By that time, almost all prestigious (formerly) Saxonian classes of steam locomotives for express passenger trains were domiciled in Dresden-Altstadt, most importantly the "pacifics" of class 18.0 and the "mikados" of class 19.0. Lateron, equivalent engines inherited from the former Prussian state railways (classes 17 and 39) were added. Not to forget, the most up-to-date passenger express steam locomotive classes developed by Deutsche Reichsbahn - classes 01, 03 and 61 - were located here as well. In the hey days, an average number of 120 steam engines resided in Dresden-Altstadt. All these locos were the pride of Dresden-Altstadt and hauled all well-known international and national express trains which contacted Dresden. By name, one of them was the famous "flying steam train Henschel-Wegmann Zug": it was operated between Dresden and Berlin Anhalter Bahnhof, hauled by Henschel-built 61 001 and equipped with a special set of four waggons developed by Wegmann - it had a scheduled travelling time of as few as 102 minutes between the two metropoles. Apart from these highlights, Dresden-Altstadt gave home to numerous passenger train engines to haul district trains, local and conventional suburban trains as well as what we might today call a "rapid commuter transit service": classes 38.2-3 (formerly Saxonian class XII H2), 38.10-40 (Robert Garbe's Prussian P8), 86, 93 and 98.0 (formerly Saxonian class I TV, the famous "garden spider" bound for services on mountainous "Windbergbahn").
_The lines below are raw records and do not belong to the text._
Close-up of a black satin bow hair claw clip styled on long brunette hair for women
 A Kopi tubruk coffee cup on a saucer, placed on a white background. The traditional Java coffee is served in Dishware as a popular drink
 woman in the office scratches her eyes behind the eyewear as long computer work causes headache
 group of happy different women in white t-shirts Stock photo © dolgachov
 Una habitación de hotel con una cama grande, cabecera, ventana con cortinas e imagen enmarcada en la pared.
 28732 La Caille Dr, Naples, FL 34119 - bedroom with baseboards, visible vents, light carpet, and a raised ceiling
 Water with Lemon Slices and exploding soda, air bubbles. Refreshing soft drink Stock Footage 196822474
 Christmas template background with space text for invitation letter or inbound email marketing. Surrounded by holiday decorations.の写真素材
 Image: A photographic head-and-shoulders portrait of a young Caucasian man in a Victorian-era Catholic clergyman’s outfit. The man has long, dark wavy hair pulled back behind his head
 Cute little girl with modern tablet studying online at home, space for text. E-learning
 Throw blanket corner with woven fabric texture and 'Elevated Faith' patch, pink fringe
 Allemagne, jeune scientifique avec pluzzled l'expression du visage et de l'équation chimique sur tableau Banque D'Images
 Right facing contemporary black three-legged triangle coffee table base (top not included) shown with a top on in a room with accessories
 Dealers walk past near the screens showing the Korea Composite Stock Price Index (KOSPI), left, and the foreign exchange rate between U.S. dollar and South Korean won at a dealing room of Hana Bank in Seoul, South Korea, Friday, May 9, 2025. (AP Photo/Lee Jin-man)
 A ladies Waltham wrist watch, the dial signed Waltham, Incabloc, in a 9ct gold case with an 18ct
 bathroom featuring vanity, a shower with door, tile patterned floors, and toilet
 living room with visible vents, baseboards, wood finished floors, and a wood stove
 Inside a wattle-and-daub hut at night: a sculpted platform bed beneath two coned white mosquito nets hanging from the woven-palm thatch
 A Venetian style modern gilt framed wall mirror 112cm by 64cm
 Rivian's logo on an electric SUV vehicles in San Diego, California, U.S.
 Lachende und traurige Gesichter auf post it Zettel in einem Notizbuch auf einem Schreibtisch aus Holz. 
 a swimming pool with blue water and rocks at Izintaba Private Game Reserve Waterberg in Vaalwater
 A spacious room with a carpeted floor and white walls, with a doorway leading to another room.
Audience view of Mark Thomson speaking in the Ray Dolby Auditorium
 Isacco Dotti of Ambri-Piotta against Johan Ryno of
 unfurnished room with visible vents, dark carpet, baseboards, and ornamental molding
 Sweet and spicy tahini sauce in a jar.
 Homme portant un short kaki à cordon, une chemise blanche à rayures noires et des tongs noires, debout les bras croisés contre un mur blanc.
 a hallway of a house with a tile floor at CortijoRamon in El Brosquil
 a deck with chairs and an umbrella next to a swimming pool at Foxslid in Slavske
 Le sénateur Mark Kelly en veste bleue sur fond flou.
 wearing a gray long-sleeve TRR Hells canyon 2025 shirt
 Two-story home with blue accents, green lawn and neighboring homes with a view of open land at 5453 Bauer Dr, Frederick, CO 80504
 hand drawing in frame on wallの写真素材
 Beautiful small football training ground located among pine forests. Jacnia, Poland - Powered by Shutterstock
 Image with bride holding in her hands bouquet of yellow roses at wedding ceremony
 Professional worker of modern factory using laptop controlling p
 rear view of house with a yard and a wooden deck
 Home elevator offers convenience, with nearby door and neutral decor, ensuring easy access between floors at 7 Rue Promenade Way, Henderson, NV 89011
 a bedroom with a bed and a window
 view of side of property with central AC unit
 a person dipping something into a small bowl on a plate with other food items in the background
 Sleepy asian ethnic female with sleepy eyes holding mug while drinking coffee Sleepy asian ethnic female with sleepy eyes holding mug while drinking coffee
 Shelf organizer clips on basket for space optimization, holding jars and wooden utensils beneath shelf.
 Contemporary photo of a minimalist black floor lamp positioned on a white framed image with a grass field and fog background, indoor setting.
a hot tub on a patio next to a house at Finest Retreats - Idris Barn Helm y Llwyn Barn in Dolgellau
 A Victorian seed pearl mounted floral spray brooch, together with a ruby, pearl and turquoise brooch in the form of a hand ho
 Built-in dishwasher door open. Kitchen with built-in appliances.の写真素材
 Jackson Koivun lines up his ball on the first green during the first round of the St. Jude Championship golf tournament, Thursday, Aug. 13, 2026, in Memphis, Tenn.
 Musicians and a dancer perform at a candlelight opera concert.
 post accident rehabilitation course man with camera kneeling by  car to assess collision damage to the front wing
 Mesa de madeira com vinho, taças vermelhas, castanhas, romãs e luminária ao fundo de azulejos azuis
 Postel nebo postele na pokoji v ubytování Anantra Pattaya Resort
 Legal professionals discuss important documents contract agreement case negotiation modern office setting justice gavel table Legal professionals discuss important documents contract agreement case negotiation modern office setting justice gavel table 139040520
After Hitler had occupied and annected Bohemia and Moravia, classes located in these areas as well hauled trains between Decin/Tetschen or Usti nad Labem/Aussig and Dresden in parallel to Dresden's locos. They attended the depot in Dresden-Altstadt for scheduled recreation and occasional light maintainance.
In the late 1930ies, the depot facilities at the freight and marshalling yard in Dresden-Friedrichstadt were designed in a contemporary style, significantly enlarged and relocated. The engine repair shop was opened there in 1940 and several locos and classes left Dresden-Altstadt to be hosted in Dresden-Friedrichstadt from then on. In Dresden-Altstadt, roundhouse #3 was abandoned as a home for locomotives. Its turntable was removed, all original tracks removed, two loading sidings installed and the hall itself re-used as a storage room for goods vital to the war.